Intel 11th Gen Core RocketLake (i7-11700K) Review & Benchmarks – AVX512 Performance

What is “RocketLake”?

It is the desktop/workstation version of the true “next generation” Core (gen 10+) architecture – finally replacing the ageing “Skylake (SKL)” arch and its many derivatives that are still with us (“CometLake (CML)”, etc.). It is a combination of the “IceLake (ICL)” CPU cores launched about a year go and the “TigerLake (TGL)” Gen12 XE graphics cores launched recently.

With the new core we get a plethora of new features – some previously only available on HEDT platform (AVX512 and its many friends), improved L1/L2 caches, improved memory controller and PCIe 4.0 buses. Sadly Intel had to back-port the older ICL (not TGL) cores to 14nm – we shall have to wait for future (desktop) processors “AlderLake (ADL)” to see 10nm on the desktop…

  • 14nm+++ improved process (not 10nm)
  • Up to 8C/16T “Cypress Cove” cores aka 14nm+++ “Sunny Cove” from ICL – Claimed core IPC uplift of +19%
  • AVX512 and all of its friends (1x FMA Unit)
  • Increased L1D cache to 48kB (50% larger)
  • Increased L2 cache to 512MB (2x as large)
  • PCIe 4.0 (up to 32GB/s with x16 lanes) – 20 (16+4 or 8+8+4) lanes
  • Thunderbolt 3 (and thus USB 3.2 2×2 support @ 20Gbps) integrated
  • Hardware fixes/mitigations for vulnerabilities (“JCC”, “Meltdown”, “MDS”, various “Spectre” types)

The biggest change is support for AVX512-family instruction set, effectively doubling SIMD processing width (vs. AVX2/FMA) as well as adding a whole host of specialised instructions that even the HEDT platform (SKL/KBL-X) does not support yet:

  • AVX512-VNNI (Vector Neural Network Instructions, dlBoost FP16/INT8) e.g. convolution
  • AVX512-VBMI, VBMI2 (Vector Byte Manipulation Instructions) various use
  • AVX512-BITALG (Bit Algorithms) various use
  • AVX512-VAES (Vector AES) accelerating block-crypto
  • AVX512-GFNI (Galois Field) – e.g. used in AES-GCM
  • SHA HWA accelerating hashing (SHA1, SHA2-256 only)

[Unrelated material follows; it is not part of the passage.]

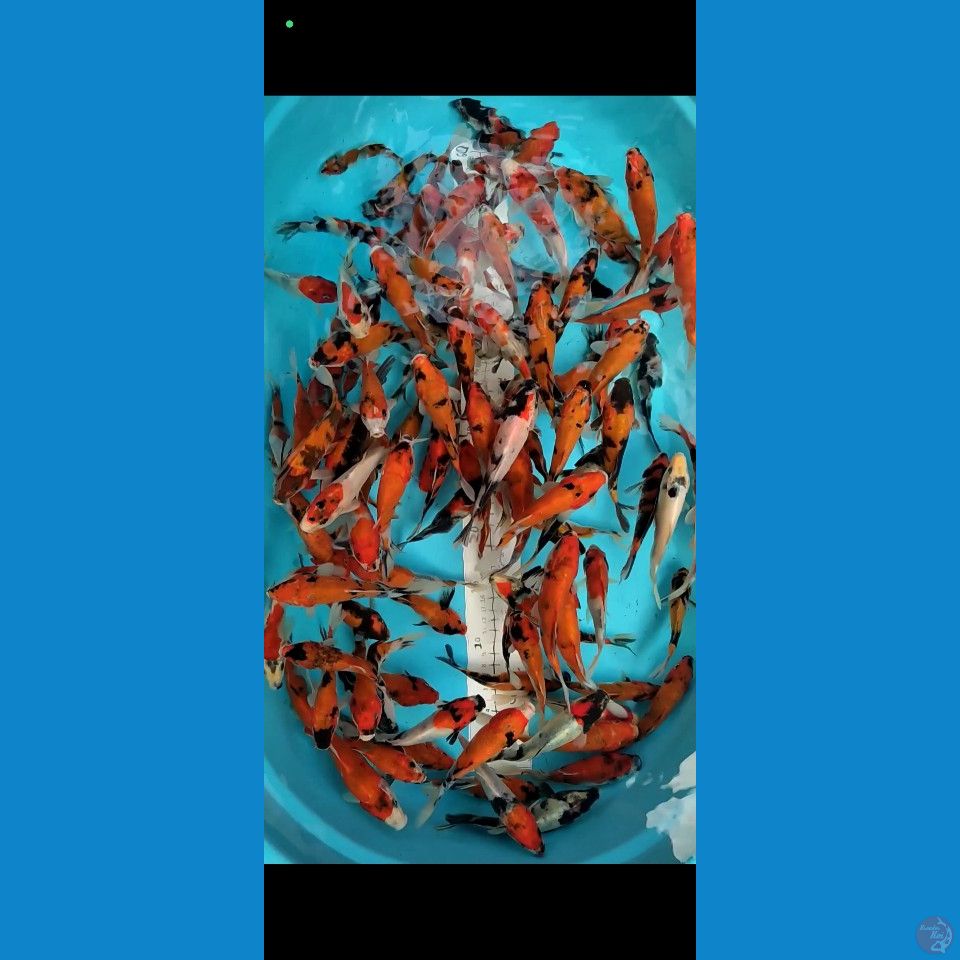 showa mix 12-15cm 110ekor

While some software may not have been updated to AVX512 as it was reserved for HEDT/Servers, due to this mainstream launch you can pretty much guarantee that just about all vectorised algorithms (already ported to AVX2/FMA) will soon be ported over. VNNI, IFMA, etc. support can accelerate low-precision neural-networks that are likely to be used on mobile platforms.

The caches are finally getting updated and increased considering that the competition has deployed massively big caches in its latest products. L1D is 50% larger and L2 doubles (2x) but L3 has not been increased. We will measure latencies in a future article.

From a security point-of-view, RKL mitigates all (current/reported) vulnerabilities in hardware/firmware (Spectre 2, 3/a, 4; L1TF, MDS, etc.) except BCB (Spectre V1 that does not have a hardware solution) thus should not require slower mitigations that affect performance (especially I/O). RKL is also not affected by the JCC errata that needs mitigatation through software (compiler) changes on older processors.

The memory controller supports higher DDR4 speeds (up to 3200Mt/s) while the cache/TLB systems have been improved that should help both CPU and GPU performance (see corresponding article) as well as reduce power vs. older designs using LP-DDR3. Again we will measure bandwidth and latencies in a future article.

PCIe 4.0 finally arrives on Intel and should drive wide adoption for both discrete graphics (GP-GPUs including Intel’s) and NVMe SSDs with ~8GB/s transfer (x4 lanes) and to ~32GB/s (x16). Note that the DMI/OPI link between CPU and I/O Hub is also thus updated to PCIe 4.0 speeds improving CPU/Hub transfer.

On the desktop – while the Intel is launching new 500-series motherboards, RKL should be compatible with 400-series boards with a BIOS update. Just as with AMD, PCIe 4.0 may only be available on 500-series boards.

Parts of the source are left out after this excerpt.